Exercise instructions. Reproduce the data below exactly as written. Pictures do not belong in the copy.

Task material.
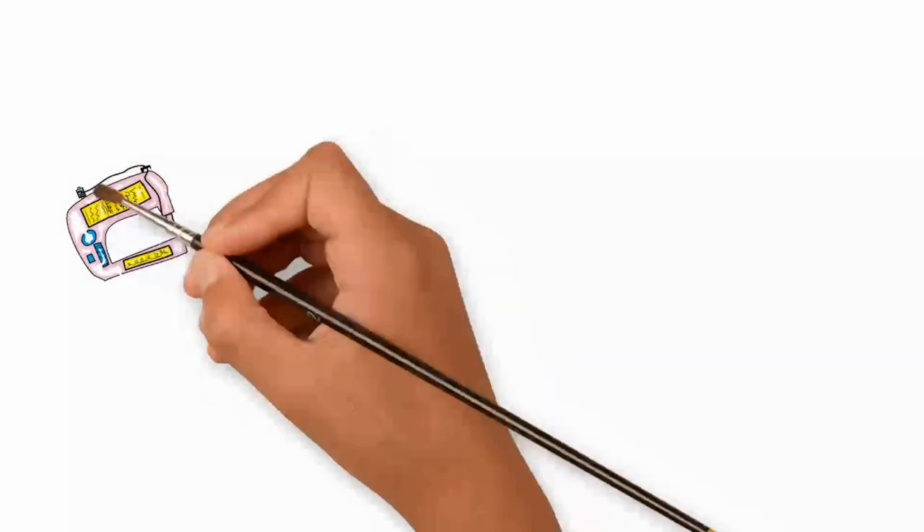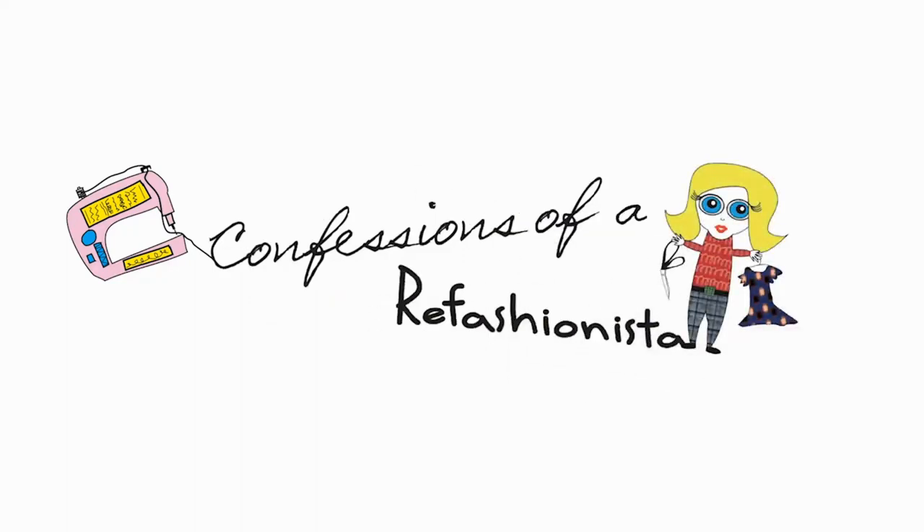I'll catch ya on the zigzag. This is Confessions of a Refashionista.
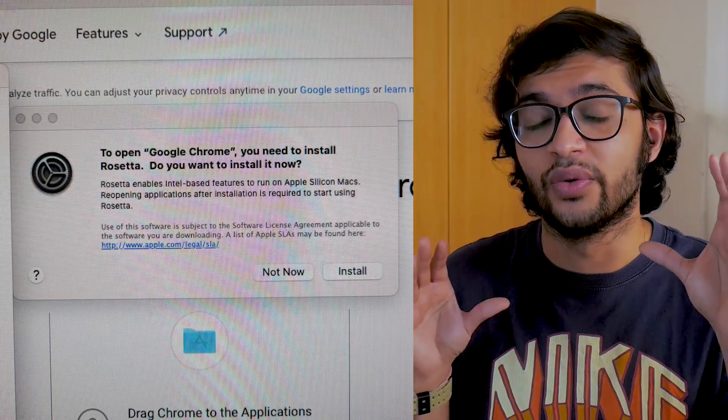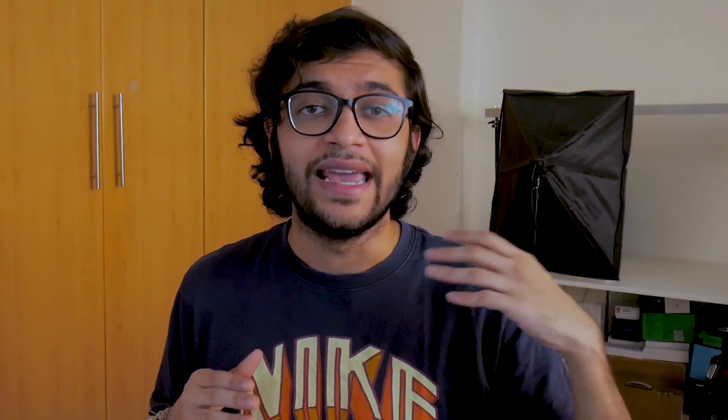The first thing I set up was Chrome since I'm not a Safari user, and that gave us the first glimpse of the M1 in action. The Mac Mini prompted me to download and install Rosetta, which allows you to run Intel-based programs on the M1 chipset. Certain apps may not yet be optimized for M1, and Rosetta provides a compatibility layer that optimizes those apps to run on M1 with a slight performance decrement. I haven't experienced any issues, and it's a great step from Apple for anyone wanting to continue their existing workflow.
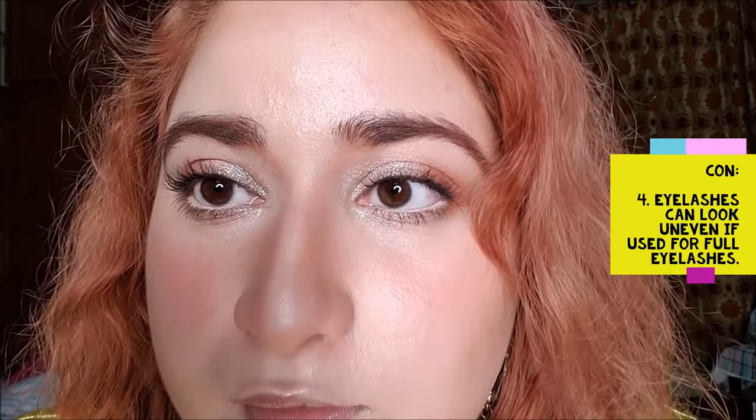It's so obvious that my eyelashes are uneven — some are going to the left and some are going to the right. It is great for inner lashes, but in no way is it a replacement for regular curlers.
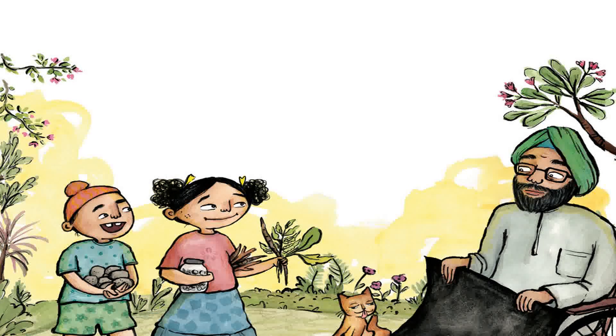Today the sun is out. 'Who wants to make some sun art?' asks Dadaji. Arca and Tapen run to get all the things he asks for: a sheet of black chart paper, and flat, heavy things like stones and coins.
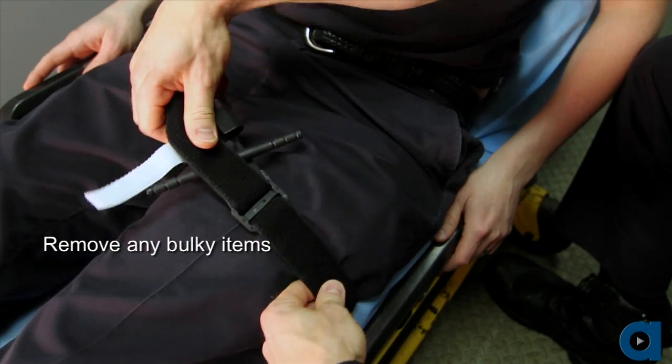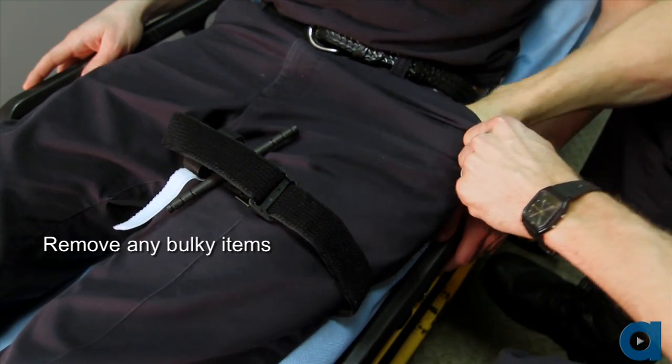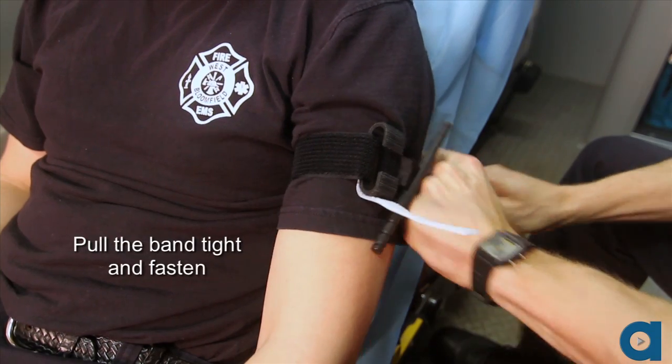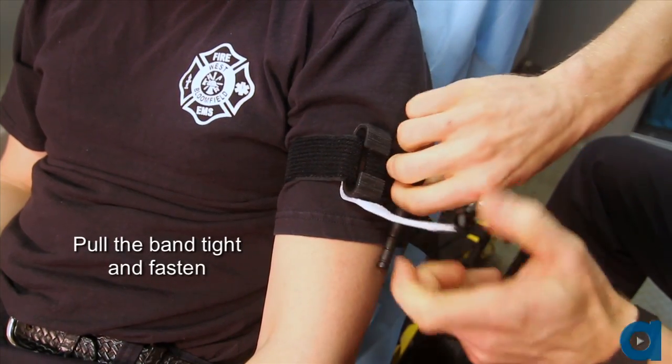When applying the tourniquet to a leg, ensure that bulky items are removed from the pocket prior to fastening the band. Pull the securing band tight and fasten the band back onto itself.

Your response.
I'll catch ya on the zigzag. This is Confessions of a Refashionista.
The first thing I set up was Chrome since I'm not a Safari user, and that gave us the first glimpse of the M1 in action. The Mac Mini prompted me to download and install Rosetta, which allows you to run Intel-based programs on the M1 chipset. Certain apps may not yet be optimized for M1, and Rosetta provides a compatibility layer that optimizes those apps to run on M1 with a slight performance decrement. I haven't experienced any issues, and it's a great step from Apple for anyone wanting to continue their existing workflow.
It's so obvious that my eyelashes are uneven — some are going to the left and some are going to the right. It is great for inner lashes, but in no way is it a replacement for regular curlers.
Today the sun is out. 'Who wants to make some sun art?' asks Dadaji. Arca and Tapen run to get all the things he asks for: a sheet of black chart paper, and flat, heavy things like stones and coins.
When applying the tourniquet to a leg, ensure that bulky items are removed from the pocket prior to fastening the band. Pull the securing band tight and fasten the band back onto itself.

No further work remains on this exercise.